ロシア(カザフスタン含む)は実験炉(~BR10、BOR60)、原型炉(BN350、BN600、BN800)と順調に開発し、実証炉BN1200が開発中である。中国は実験炉CEFRが2010年に臨界となった。インドはトリウム燃料サイクルを目指し、実験炉FBTRは1985年に臨界しとなり、原型炉PFBRも運転間近である。
ロシアは資源大国ではあるが、エネルギーが戦略物質であることから高速炉の開発を続けている。中国、インドは人口が多く、エネルギー不足問題の根本的解決に向けて開発している。フランスもエネルギー資源がなく、これまでも原発立国として進んできたが、将来を見据えて、経済性を理由に中断していた高速炉開発に再び乗り出している。韓国も高速炉開発に向けた研究は継続している。国として確固たる意志で原子力政策を進めている国は、小さな失敗はあっても着実に開発は進んでいるのである。
核燃料サイクル、高速増殖炉の実用化、商業化までには多大な時間と費用が掛かる。
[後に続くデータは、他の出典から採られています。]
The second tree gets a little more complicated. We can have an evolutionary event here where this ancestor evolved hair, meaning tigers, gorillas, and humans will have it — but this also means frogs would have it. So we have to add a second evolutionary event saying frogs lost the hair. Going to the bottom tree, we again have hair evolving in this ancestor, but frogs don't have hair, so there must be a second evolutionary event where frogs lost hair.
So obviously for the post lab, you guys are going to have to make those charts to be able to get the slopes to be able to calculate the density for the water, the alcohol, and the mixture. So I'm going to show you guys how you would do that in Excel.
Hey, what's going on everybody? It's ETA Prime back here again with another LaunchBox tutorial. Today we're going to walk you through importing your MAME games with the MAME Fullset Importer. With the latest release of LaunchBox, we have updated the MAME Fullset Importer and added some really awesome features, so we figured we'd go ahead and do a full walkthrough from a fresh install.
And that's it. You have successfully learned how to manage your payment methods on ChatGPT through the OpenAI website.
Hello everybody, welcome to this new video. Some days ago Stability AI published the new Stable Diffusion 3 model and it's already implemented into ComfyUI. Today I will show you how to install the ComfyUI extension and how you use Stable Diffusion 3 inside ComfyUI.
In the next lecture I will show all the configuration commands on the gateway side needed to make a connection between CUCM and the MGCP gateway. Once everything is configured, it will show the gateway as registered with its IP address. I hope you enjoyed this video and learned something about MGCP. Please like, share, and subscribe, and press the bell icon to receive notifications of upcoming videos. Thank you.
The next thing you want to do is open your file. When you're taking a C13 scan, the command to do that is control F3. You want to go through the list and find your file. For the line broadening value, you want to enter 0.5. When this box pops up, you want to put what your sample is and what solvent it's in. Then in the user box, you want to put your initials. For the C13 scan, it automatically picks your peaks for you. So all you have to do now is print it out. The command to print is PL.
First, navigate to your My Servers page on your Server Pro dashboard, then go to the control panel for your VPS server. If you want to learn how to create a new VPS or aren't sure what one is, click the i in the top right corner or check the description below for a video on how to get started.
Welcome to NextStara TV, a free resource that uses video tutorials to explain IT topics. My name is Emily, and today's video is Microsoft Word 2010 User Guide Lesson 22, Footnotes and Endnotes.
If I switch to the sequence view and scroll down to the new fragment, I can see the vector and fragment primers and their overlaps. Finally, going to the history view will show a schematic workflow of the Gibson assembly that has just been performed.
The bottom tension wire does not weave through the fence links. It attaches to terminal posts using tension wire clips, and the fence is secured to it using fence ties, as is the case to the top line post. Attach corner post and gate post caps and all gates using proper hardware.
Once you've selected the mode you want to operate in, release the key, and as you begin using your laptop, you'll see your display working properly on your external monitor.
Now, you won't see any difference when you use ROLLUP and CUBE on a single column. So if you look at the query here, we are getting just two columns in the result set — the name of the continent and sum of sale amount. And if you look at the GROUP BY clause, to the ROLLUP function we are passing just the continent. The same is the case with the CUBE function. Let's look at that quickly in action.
それでも無資源国で工業立国としか生きられない日本は、この技術開発を成し遂げなければならないのであり、日本が停滞できる理由はまったくない。
「もんじゅ」のナトリウム漏洩事故が社会的大問題になったことに端を発し、民間(電力会社)による高速増殖炉開発は2000年代前半に中断した。その後、2006年に国の主導で高速増殖炉開発体制が見直された。それまでの複数メーカーによる共同開発ではなく、責任体制を明確にするため、開発の中核となるメーカー1社(三菱重工など原子力メーカーの連合体)を公募により国が選定した。
1社となったためメーカーの開発リスクが大きくなる。この開発体制の見直しには、国による「ぶれない原子力政策、高速炉開発政策」が前提であったが、東日本大震災、福島第一発電所の事故で、この前提が崩れてしまった。福島原発事故があっても、日本が無資源国であり、工業を生業とするしか道のない国であることが変わるわけではなく、核燃料サイクルの確立が必要であることも変わっていない。
このことを考えれば、震災前の高速炉開発の原点に戻って、高速増殖実証炉開発のロードマップに従った目標のある着実な研究開発を、国が責任をもって実施することしか、この混迷から抜け出すための方策はない。